Granpaw was a pickerel around whom a legend has grown. He lived in “Dead Water,” a beaver pond in the Shohola Brook. At this point, the banks of the brook are overgrown with willows, affording splendid cover for the pickerel lounging beneath them. Every year a plentiful supply of fish came down the brook from the Shohola Falls Lake. providing excellent fishing year after year.

This is how the story goes:

My brother, “Hen,” and I were fishing at Dead Water on a cool summer evening many years ago, when Granpaw made his debut. We had four fair-sized fish, when with a wild eruption Granpaw struck at my pork strip. I knew by the way he struck that I had a large fish, so I called Hen down to help me land him. I then set the hook.

Boy, did that fish come to life! Up and across the brook he tore, thrashing and clearing the water every few feet. l was dumbfounded. Never before had I tied on to such a fish. The reel screeched like a thing possessed, as the pickerel went up the brook almost to the limit of my line before I turned him. Even Hen, who usually offered much free advice, though he was four years my junior, couldn’t say a word. The great fish then tore down the brook. Frantically I pumped the reel trying to keep the slack out of the line. It was no use. I couldn’t match the speed of this baby with my poor reel. When he was a scant 10 feet from me, he again cleared the water and with a violent shake of his head, threw the hook. The line went slack and my heart sank. He was gone. Hen broke the silence of the historic evening saying, “Mart, that was the Granpaw of them all.” And so the great fish was named.

That night we arrived home, Dad listened knowingly to our tales of this enormous pickerel. After much debate, we judged its length at between 30 and 36 inches. We then proceeded to make plans for his capture.

The next week we again tried to catch Granpaw. Hen tied on to him this time and had about as much luck as I had, All that summer we tried and failed to land him. We caught many fine fish on these weekly jaunts, but only one four pounder that Hen caught neared the size of this great pickerel.

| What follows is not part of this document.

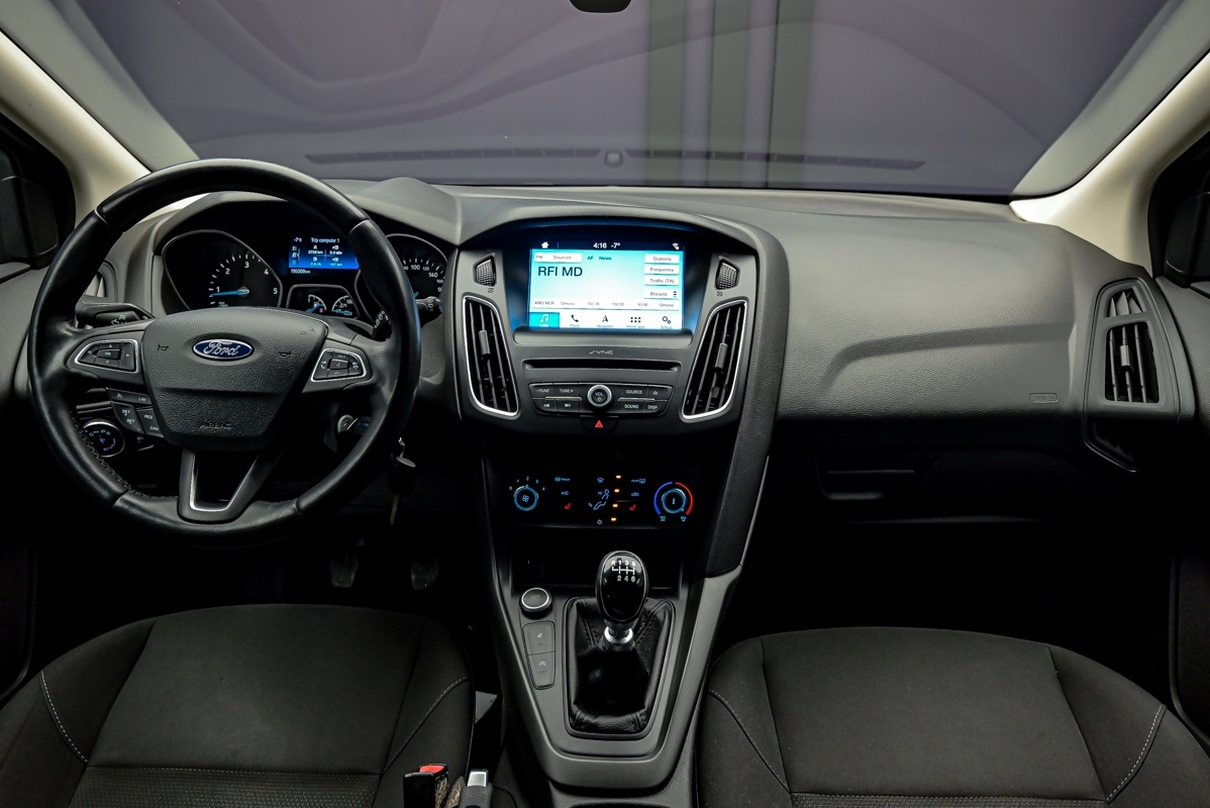 Ford Focus 2017 5/12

The mornings were frosty now. The leaves painted the hills of Pike County in rich hues of red and yellow. Soon they would fall to the forest floor like a blanket to protect Mother Nature from the winter to come. It was the time of the year when hunters long for the smell of burning powder and start their yearly excursions through the hills and dales after grouse, woodcock and bouncing cottontail. Hen and I succumbed to the spell of the hunter’s moon, and thus ended our quest of Granpaw that year.

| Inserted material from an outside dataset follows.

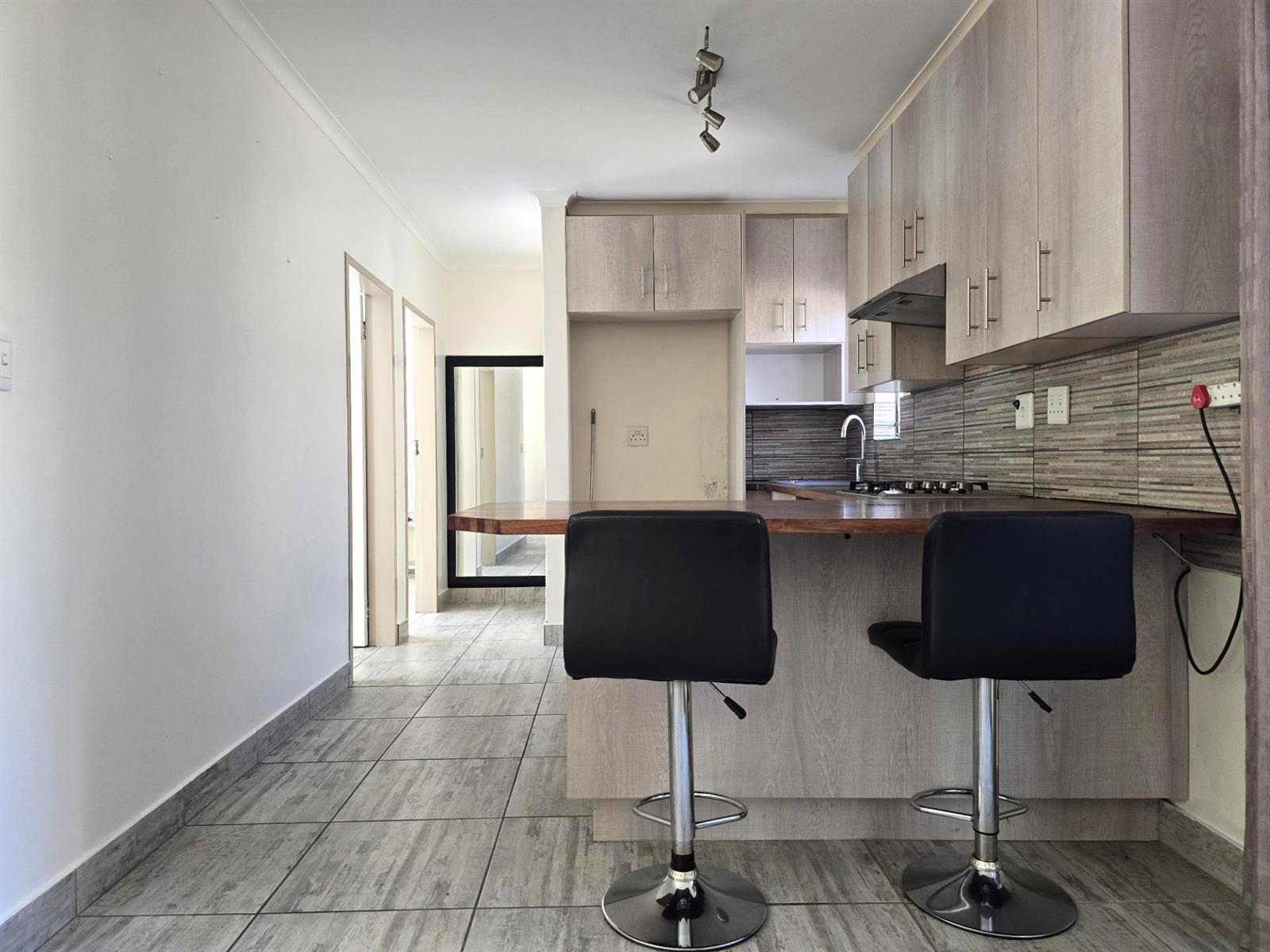 2 Bed 1 Bath Glen Marais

During the long evening of the following winter, he was a frequent subject of discussion. At these sessions, we devised many elaborate means to catch him and shelved them in our memories for the future use.

Trout season had come and gone with many fine catches. At last pickerel season opened again. Eagerly we set forth after Granpaw on opening day. We fished the full length of Dead Water without a sight of him. Satisfied with the fish we had, we decided the great fish was not hungry that day.

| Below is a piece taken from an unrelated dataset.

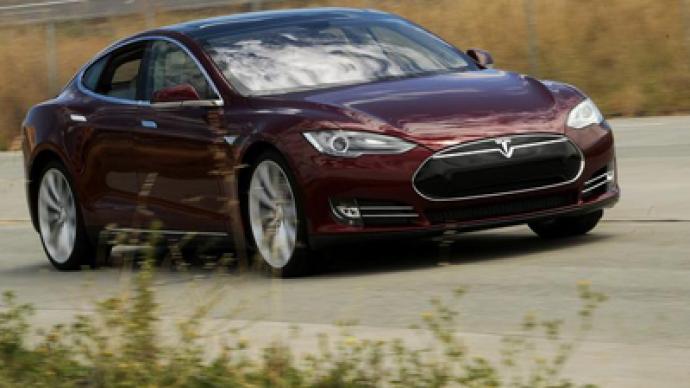 Tesla Motors CEO takes to Twitter over journalist's 'fake' claims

The next week we again fished Dead Water, and Grandpaw failed to make an appearance. This went on for several weeks, and I began to wonder what had happened to him. Was he dead? Did he move? Had someone else caught him? Then it dawned on to me. I remembered hearing a neighbor mention that some “city feller” had caught a big pickerel in Dead Water the previous October. That was it! Granpaw was dead!

I said nothing about this to Hen or Gib, a younger brother who was by then a budding fisherman. Although I figured that Granpaw no longer ruled over Dead Water, the thought of catching him added greatly to the pleasure we got from catching the other fish.

This all happened many years ago. Granpaw is only a legend now, a legend that lures us back to Dead Water every year. Though he has long since graced the table of some fisherman, his spirit is in Dead Water today, just as he was there many years ago. But this is as it should be. Fishermen, since the day of Isaac Waldo, have been lured far and wide in quest of big fish. That is what makes fishing the grand sport it is, the underlying hope of catching the proverbial “big one that got away.”